Post by Suzie, FRG Adviser » Thu Mar 17, 2016 11:24 am

Dear Alhoward

Welcome to the Family Rights Group Parents’ Discussion Forum.

My name is Suzie and I am an adviser at Family Rights Group.

As far as how the forum works, you are doing absolutely fine. It is just a case of doing your post and other parents will respond if they feel able to offer advice and support.

I am sorry that you are feeling unsure and confused about the best way to deal with the situation you find yourself in following the conviction of your daughter’s father. It is of course hard to know how best to help your daughter come to terms with not having contact with her father. You will need to consider whether contact is going to be in her best interests. Contact is for the benefit of the child rather than that of a parent.

Do you wish to have your daughter maintain contact with her father? If you were to decide that he could not, because of your concerns about the behaviour which led to his conviction, he might decide to make an application to the court for an order to be allowed contact. The court would then be able to look at all the circumstances including his conviction in order to decide whether contact is in your daughter’s interests. The court’s main consideration when making its decision is the welfare of the child.

It is not clear from your post whether Children Services became involved following the arrest and subsequent charge of your daughter's father. If Children Services has advised you that there should be no contact or no unsupervised contact, then it is important that you consider their advice before deciding to allow contact. Children Services would be very concerned about your ability to keep your daughter safe if you allowed contact against their advice.
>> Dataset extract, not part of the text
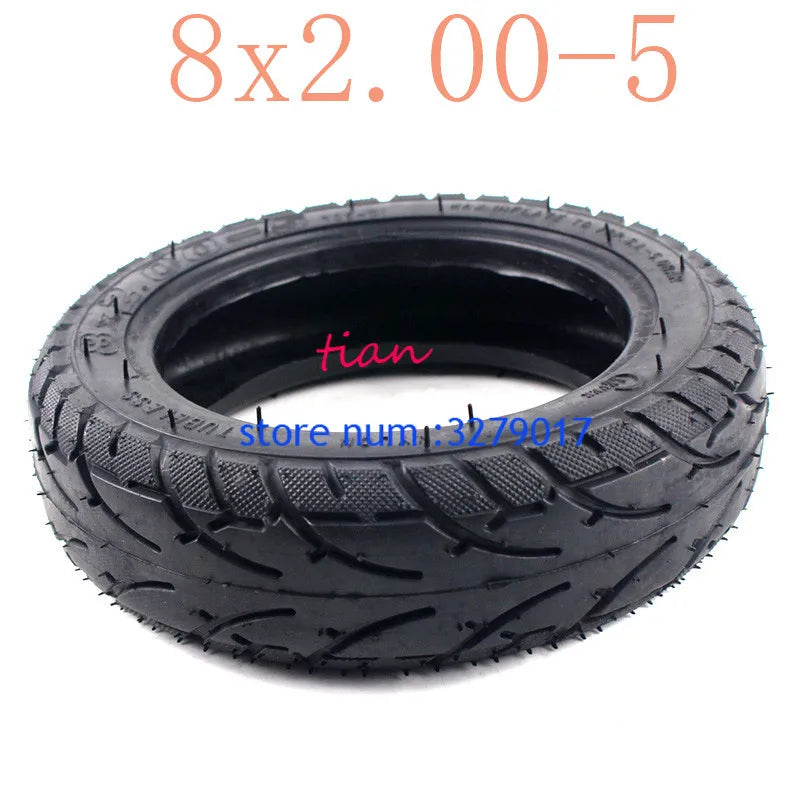 High Performance Vacuum Tubeless Tire with Good Quality 8X2.00-5 Fits for Electric Vehicle Electric Scooters E-Bike 8 X 2.00-5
Your dilemma is understandable because of your own background growing up without a father. However, you would not want to put yourself in a position where Children Services question your ability to be protective of your daughter. This could lead them to take action to safeguard your daughter.

I am not trying to scare you or add to the feelings that you currently have regarding contact but think it is important that you understand the possible outcome in Children Services have been involved.

If they have had no involvement, then it is a decision for you to make as to whether or not you will allow contact between your daughter and her father. Bearing in mind the nature of his offence you should consider whether that contact will be supervised. I should also add that if someone were to inform Children Services of the father’s conviction and his registration as a sex offender, they would become involved and the situation would be as I have set out above.

In order to help you make an informed decision, I suggest that you contact the Lucy Faithfull Foundation on 0808 1000 900 and they might be able to give your more information regarding contact with a registered sex offender

The Challenging Behaviour Foundation may be able to provide you with strategies to cope with your daughter during this difficult time. I have included their website here for your information.

I hope you will find this helpful

Best wishes

Suzie

Alhow*
Posts: 5
Joined: Wed Mar 09, 2016 10:28 pm

Re: Indecent images plus more.

Post by Alhow* » Thu Mar 17, 2016 8:13 pm

Hi Suzie,
Thank you for your reply, it is much appreciated, and for giving me pointers in who to contact in order to receive support.

I was unclear and slightly vague to begin with as I was unsure if I would get any responses.

Social Services were involved initially and my daughter was 'questioned' in a child friendly way by 2 police officers and a social worker. They are 'confident' that nothing untoward has happened to her. After this, Social Services have been useless in terms of any support or direction and have pretty much left me to it, despite my consistent requests for help. They seemed to establish that my daughter was not in danger and so they had done their job.

Should I decide that he will have contact, it will certainly be supervised under the circumstances. My only concern is her happiness and wellbeing, and whether to let her see her Dad supervised, or not at all, is a tough call. My decision will not be based on my bias. I will not be putting her in any danger whatsoever. I am fully protective of my daughters welfare. My comments about my father were purely to identify that I have not had a family unit which resulted in me wanting to have one. Just adding to the dilemma.The comments, in fact, are irrelevant. I think his application to a Court would maybe be the best way potentially, although I must admit I do not know what this entails. Would they ask my opinion about other illegal/ non illegal, yet still irresponsible behaviour towards his daughter i.e. writing off numerous cars due to terrible/ drink driving (despite her not being in them thankfully), continuously smoking in her close vicinity when she was very young despite my pleas for him not to (although he has given up now). There are other examples.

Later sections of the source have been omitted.